# Problems getting Afternoon Route (DDA DFW Area)



## Vmiyoshi (Jul 3, 2016)

I just try to grab an afternoon route and they were gone just as fast as the morning ones would leave before. 
This Amazon Flex thing is so unpredictable... I think I need to find something else I could do to get extra Money :-|


----------



## CarmenFlexDriver (Jun 21, 2016)

Vmiyoshi said:


> I just try to grab an afternoon route and they were gone just as fast as the morning ones would leave before.
> This Amazon Flex thing is so unpredictable... I think I need to find something else I could do to get extra Money :-|


 Definitely the most frustrating part of the gig is the uncertainty and playing the game of "block grabbing". Wish it was more predictable and steady myself.


----------



## galileo5 (Jan 16, 2016)

Vmiyoshi said:


> I just try to grab an afternoon route and they were gone just as fast as the morning ones would leave before.
> This Amazon Flex thing is so unpredictable... I think I need to find something else I could do to get extra Money :-|


Were you trying to grab an afternoon/evening block the night prior? I posted about this same thing earlier.


----------



## nighthawk398 (Jul 21, 2015)

Ive seen them available today.....during the day


----------



## Vmiyoshi (Jul 3, 2016)

nighthawk398 said:


> Ive seen them available today.....during the day


Yeah I ended up getting the exact time I wanted that day around 2ish... Then later that evening at 10PM I got an evening route for the following day...


----------



## Vmiyoshi (Jul 3, 2016)

galileo5 said:


> Were you trying to grab an afternoon/evening block the night prior? I posted about this same thing earlier.

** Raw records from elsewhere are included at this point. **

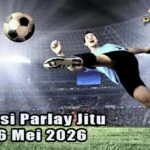 Prediksi Parlay Jitu 5 dan 6 Mei 2026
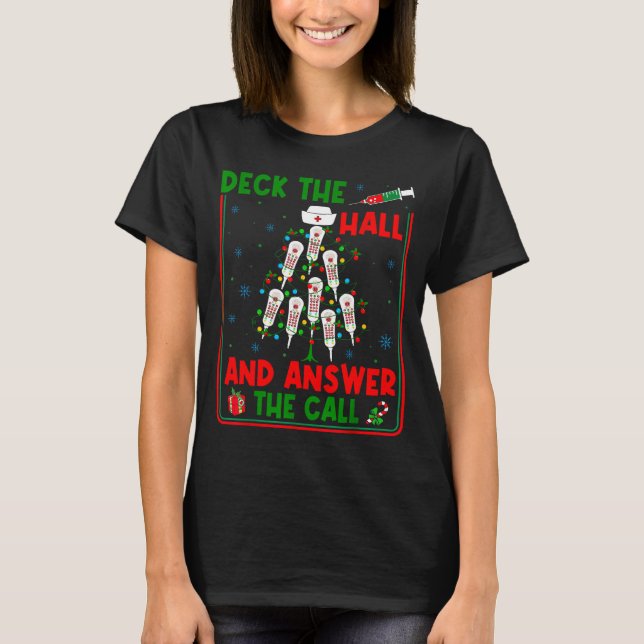 Funny Cna Deck The Halls Answer The Calls Nurse Ch T-Shirt (Front)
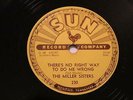 ROCKABILLY MILLER SISTERS There's No Right Way to Do Me Me Wrong SUN 230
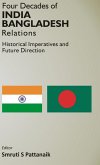 Four Decedes of India Bangladesh Relations Historical Imperatives And Future Direction (eBook, ePUB)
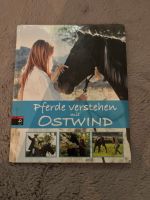 Pferde verstehen mit Ostwind Nordrhein-Westfalen - Oberhausen Vorschau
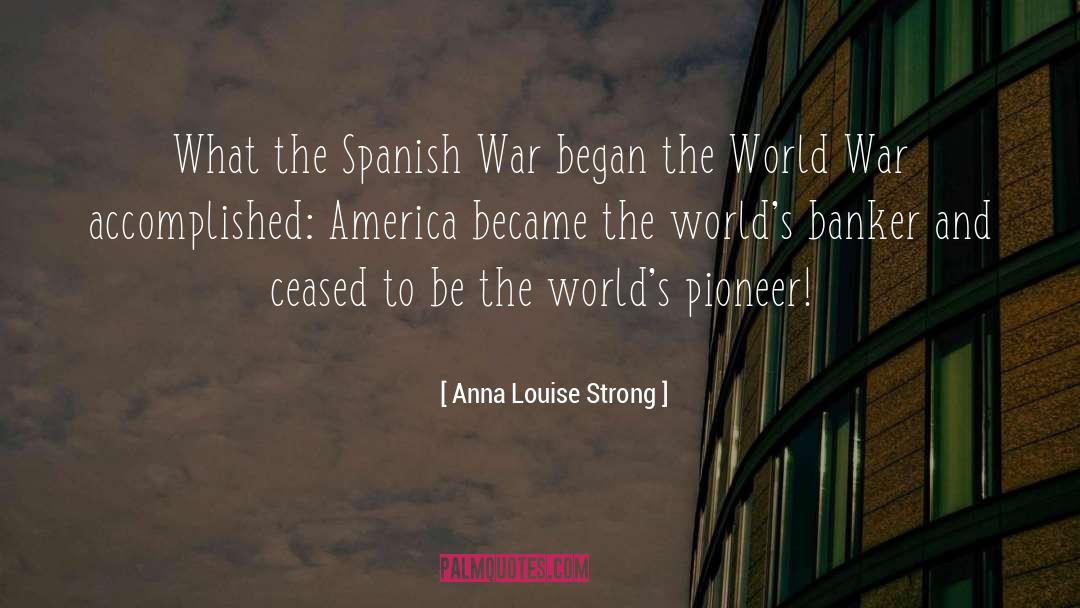 Banker quotes by Anna Louise Strong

Yeah I was and like *carmenflexdriver *said I just wish it was more predictable. If I'm in the app at 10PM - I wish I could get a block for any time period I wanted, now if I logged in at 10:30 and I didn't see anything I would understand; but this whole Black Friday style block grab sucks...
People start to depend on this extra money, and for some people this their main thing...


----------